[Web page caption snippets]
——

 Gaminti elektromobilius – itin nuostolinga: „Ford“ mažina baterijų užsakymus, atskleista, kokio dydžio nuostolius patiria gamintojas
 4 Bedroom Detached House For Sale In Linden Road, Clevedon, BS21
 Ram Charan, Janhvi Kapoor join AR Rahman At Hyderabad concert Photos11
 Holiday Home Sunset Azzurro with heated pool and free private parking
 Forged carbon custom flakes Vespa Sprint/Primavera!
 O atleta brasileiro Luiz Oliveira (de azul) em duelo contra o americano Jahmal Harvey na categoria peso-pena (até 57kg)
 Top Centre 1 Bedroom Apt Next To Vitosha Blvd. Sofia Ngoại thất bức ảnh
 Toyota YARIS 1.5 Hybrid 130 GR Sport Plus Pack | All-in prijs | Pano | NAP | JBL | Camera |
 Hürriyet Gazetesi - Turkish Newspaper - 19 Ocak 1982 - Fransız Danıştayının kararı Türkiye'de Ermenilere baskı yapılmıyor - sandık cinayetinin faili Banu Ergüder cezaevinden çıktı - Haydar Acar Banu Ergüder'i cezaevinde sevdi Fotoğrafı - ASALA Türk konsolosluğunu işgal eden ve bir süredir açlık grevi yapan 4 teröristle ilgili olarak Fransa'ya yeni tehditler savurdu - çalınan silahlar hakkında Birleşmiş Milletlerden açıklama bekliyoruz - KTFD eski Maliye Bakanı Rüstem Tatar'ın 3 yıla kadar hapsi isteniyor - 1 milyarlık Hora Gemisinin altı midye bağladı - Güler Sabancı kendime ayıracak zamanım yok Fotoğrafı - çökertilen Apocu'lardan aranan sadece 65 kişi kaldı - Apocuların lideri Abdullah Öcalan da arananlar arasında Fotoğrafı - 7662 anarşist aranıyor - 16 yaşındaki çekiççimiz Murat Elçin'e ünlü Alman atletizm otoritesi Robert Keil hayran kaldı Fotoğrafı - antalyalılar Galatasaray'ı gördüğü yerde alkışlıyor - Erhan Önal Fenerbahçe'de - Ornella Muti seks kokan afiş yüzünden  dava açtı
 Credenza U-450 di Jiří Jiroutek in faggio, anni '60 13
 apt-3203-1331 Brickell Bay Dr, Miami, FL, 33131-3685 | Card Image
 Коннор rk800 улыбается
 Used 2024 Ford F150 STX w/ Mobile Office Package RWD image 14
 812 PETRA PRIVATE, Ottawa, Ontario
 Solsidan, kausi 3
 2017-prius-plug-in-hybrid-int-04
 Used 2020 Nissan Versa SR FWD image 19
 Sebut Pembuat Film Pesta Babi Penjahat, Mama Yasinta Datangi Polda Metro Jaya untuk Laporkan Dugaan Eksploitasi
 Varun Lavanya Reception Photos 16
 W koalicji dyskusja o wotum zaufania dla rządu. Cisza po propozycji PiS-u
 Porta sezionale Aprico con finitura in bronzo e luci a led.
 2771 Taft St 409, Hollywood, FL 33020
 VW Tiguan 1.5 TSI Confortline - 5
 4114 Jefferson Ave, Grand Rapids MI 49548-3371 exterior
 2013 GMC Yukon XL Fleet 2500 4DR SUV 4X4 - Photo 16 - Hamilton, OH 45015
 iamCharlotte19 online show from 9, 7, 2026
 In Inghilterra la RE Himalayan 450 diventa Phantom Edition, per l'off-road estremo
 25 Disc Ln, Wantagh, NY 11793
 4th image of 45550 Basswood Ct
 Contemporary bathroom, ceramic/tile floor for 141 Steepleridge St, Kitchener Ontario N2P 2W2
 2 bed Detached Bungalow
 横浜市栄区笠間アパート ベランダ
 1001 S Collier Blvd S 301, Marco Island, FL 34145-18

——

(THE TASK) Report each line above that includes the string "Ford".

(SOLUTION TO THE EXERCISE)
 Gaminti elektromobilius – itin nuostolinga: „Ford“ mažina baterijų užsakymus, atskleista, kokio dydžio nuostolius patiria gamintojas
 Used 2024 Ford F150 STX w/ Mobile Office Package RWD image 14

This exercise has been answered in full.